A Polícia Federal suspeita que, mesmo detido, o lobista Andreson Gonçalves manteve em funcionamento o esquema de venda de sentenças em tribunais estaduais e no Superior Tribunal de Justiça.
Gonçalves foi preso preventivamente em novembro do ano passado. Ficou detido em Mato Grosso, depois foi transferido para a Papuda, em Brasília. Em julho, o ministro Cristiano Zanin, relator do caso no Supremo Tribunal Federal, autorizou o cumprimento da prisão domiciliar após a defesa do lobista alegar problemas de saúde.
Na semana passada, Zanin determinou que a PF cumprisse um mandado de busca e apreensão na casa do lobista em Primavera do Leste, no Mato Grosso.

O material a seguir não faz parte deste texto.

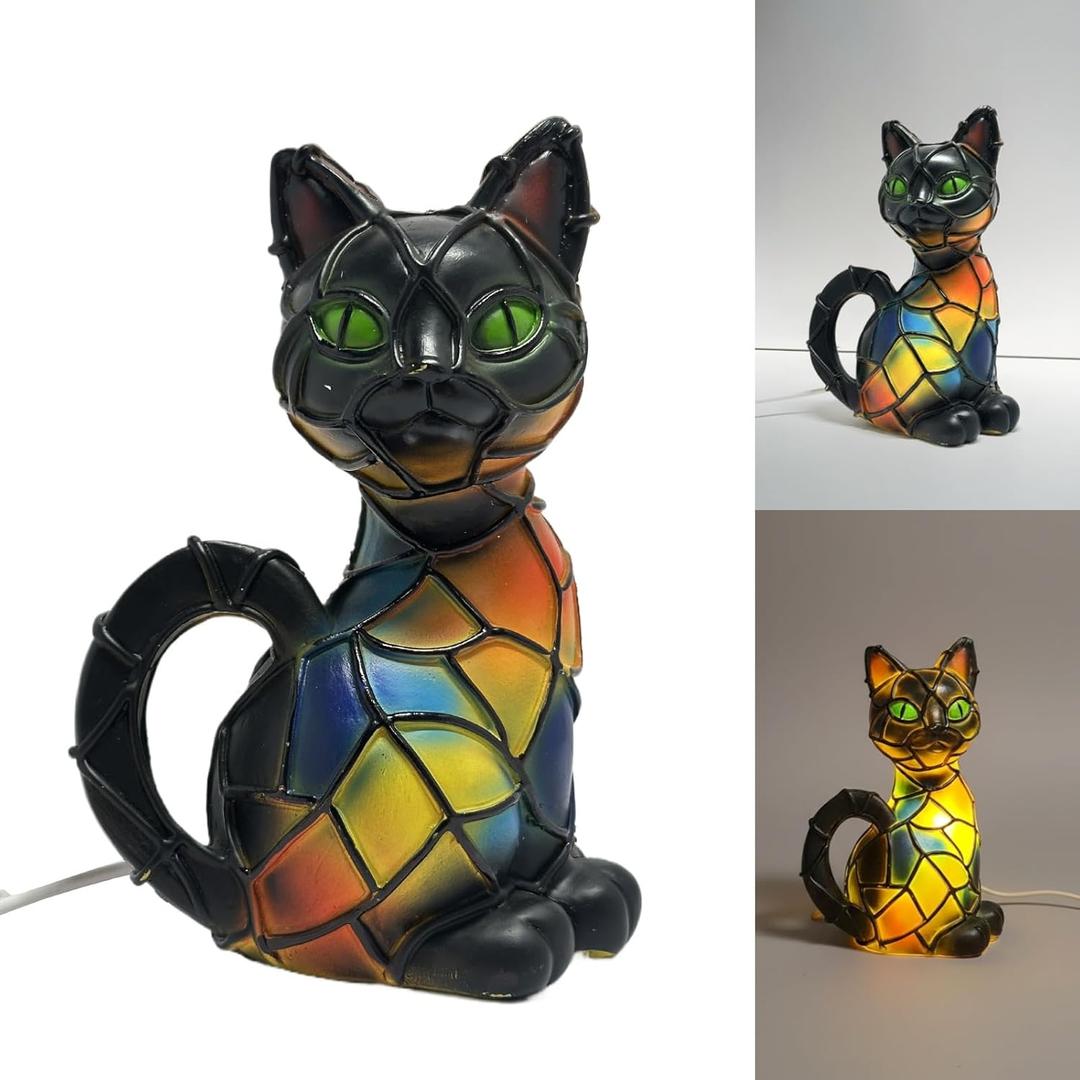 Cat Lamp Stained GlassVintage Artistic LED Warm Night Light, Handcrafted Resin Stained-Glass Animal Bedside Table Lamp with USB Power for Home Decor & Cute Holiday Present for Cat Lovers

Na ocasião, foi preso o policial militar aposentado Dejair Silvestre dos Santos, que tentou esconder um celular atribuído a Anderson durante a operação. Ele fazia a segurança do lobista e foi detido por obstrução de justiça. Zanin converteu a prisão do PM aposentado em preventiva.

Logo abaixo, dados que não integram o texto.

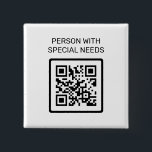 Personen mit besonderen Anforderungen QR-Code Button<br><div class="desc">Person mit speziellem QR-Code-Button</div>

A PF diz ter indícios de que Gonçalves descumpriu as medidas cautelares. Suspeita que, desde que foi para prisão domiciliar, o lobista voltou a manter contato com outras pessoas investigadas em Brasília pelo mesmo esquema.

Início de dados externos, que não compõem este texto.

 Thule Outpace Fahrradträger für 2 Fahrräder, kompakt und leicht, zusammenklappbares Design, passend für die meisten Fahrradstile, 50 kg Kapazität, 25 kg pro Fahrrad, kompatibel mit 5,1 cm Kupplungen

A PF quer saber se Gonçalves mantém contato, por exemplo, com o empresário Diego Cavalcante Gomes, preso na mesma investigação por obstrução de justiça. Relatório da PF concluiu que Cavalcante tentou destruir provas ao arremessar um celular pela janela. Ele foi indiciado pela PF, mas sua prisão foi revogada.
Quando autorizou a busca e apreensão na casa de Gonçalves, Zanin também requereu uma perícia médica para avaliar a saúde de Gonçalves, que chegou a perder 20 quilos quando estava na Papuda.
O Bastidor não conseguiu contato com os advogados de Gonçalves e do PM aposentado.